Politik Tanpa Selubung: Membaca Machiavelli

Buku ini adalah terjemahan karya klasik Niccolò Machiavelli yang ditulis sekitar tahun 1512-1519. Karya tersebut lahir dari pengalaman pribadi Machiavelli sebagai pejabat Republik Florence yang kemudian tersingkir dari panggung politik setelah keluarga Medici kembali berkuasa. Il Principe disusun sebagai semacam “pedoman” bagi para penguasa dalam mempertahankan kekuasaan di tengah kondisi politik Italia yang kacau pada abad ke-16.
Isinya memaparkan beragam bentuk negara dan kerajaan, cara memperolehnya, serta bagaimana mempertahankannya.
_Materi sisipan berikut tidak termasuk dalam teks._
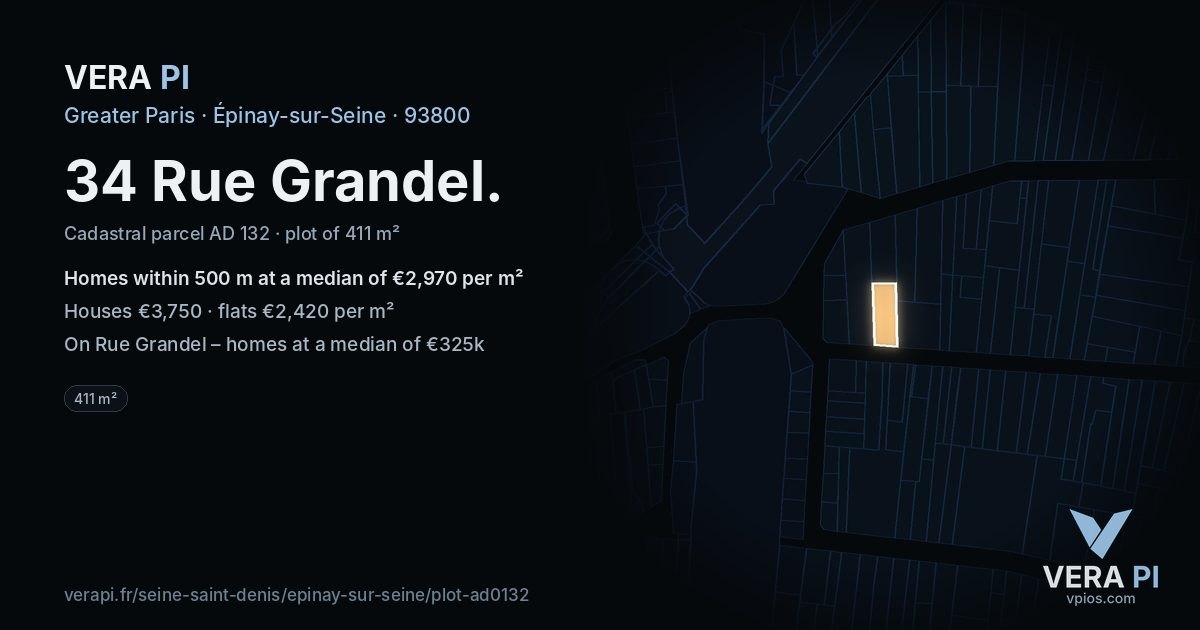 34 Rue Grandel, Épinay-sur-Seine at night – the plot lit, the parcels around coloured by the prices near them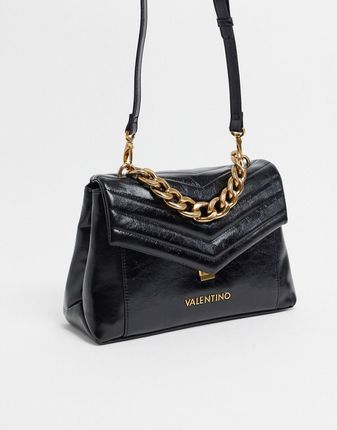 Valentino by Mario Valentino Grifone Czarna pikowana torebka crossbody z a cuszkowym paskiem Czarny Ceny i opinie Ceneo.pl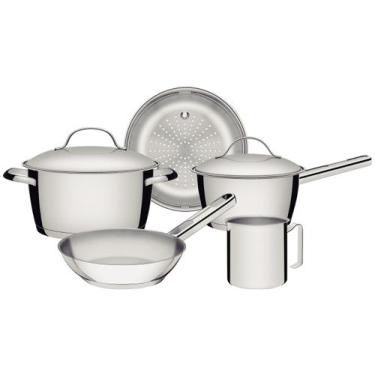 Imagem de Jogo de Panelas Tramontina Inox Fundo Triplo 5 Peças Allegra, Inox, 5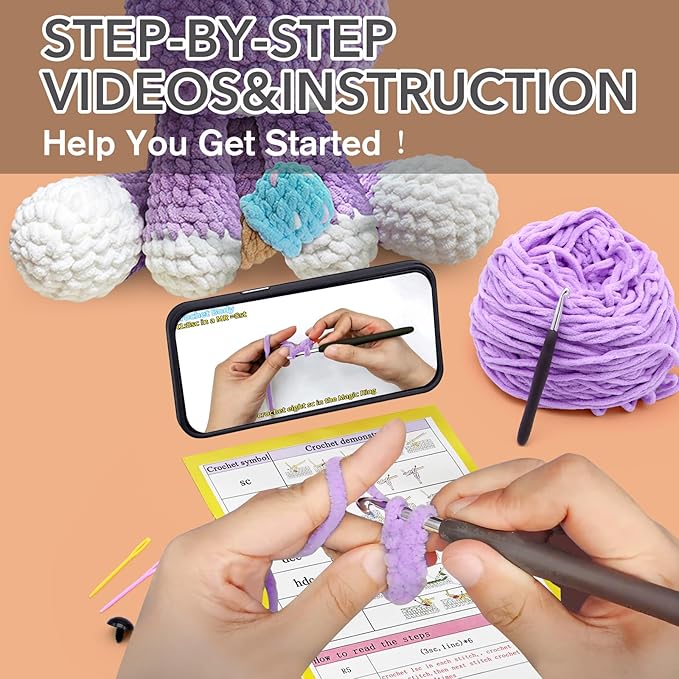 codgp crochet kit for beginners,11.8in crochet animal kit hippo,crochet starter kit gift for adults kids with yarn sets,amigurumi crochet kit with step-by-step video tutorials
Machiavelli membahas kerajaan warisan, kerajaan gabungan, hingga wilayah yang direbut dengan kekuatan sendiri atau dengan bantuan asing. Ia menyinggung pula tentang pasukan bayaran, pentingnya militer rakyat, hingga nasihat tentang bagaimana seorang penguasa harus bersikap—apakah lebih baik ditakuti daripada dicintai, bagaimana menggunakan kekejaman secara efektif, serta bagaimana menjaga wibawa di mata rakyat.
Salah satu ciri khas buku ini adalah pendekatannya yang realistis, bahkan dianggap sinis. Machiavelli memisahkan politik dari moralitas religius, suatu gagasan yang pada zamannya dianggap revolusioner. Bagi Machiavelli, tujuan utama seorang penguasa adalah menjaga stabilitas dan kelanggengan kekuasaan. Segala cara, termasuk tipu daya atau kekerasan, bisa dibenarkan jika tujuannya untuk mempertahankan negara. Pandangan ini kemudian melahirkan istilah “Machiavellian”, yang sering disalahartikan sekadar sebagai politik licik, padahal sesungguhnya ia berusaha mendeskripsikan realitas politik yang ia saksikan.
Kekuatan buku ini terletak pada keberaniannya merumuskan politik sebagai bidang yang otonom, tidak selalu tunduk pada kaidah moral atau agama. Dalam sejarah pemikiran politik Barat, Il Principe menandai lahirnya realisme politik modern. Tidak mengherankan jika karya ini terus menjadi rujukan dan bahan perdebatan hingga kini, baik di kalangan akademisi, politisi, maupun publik luas.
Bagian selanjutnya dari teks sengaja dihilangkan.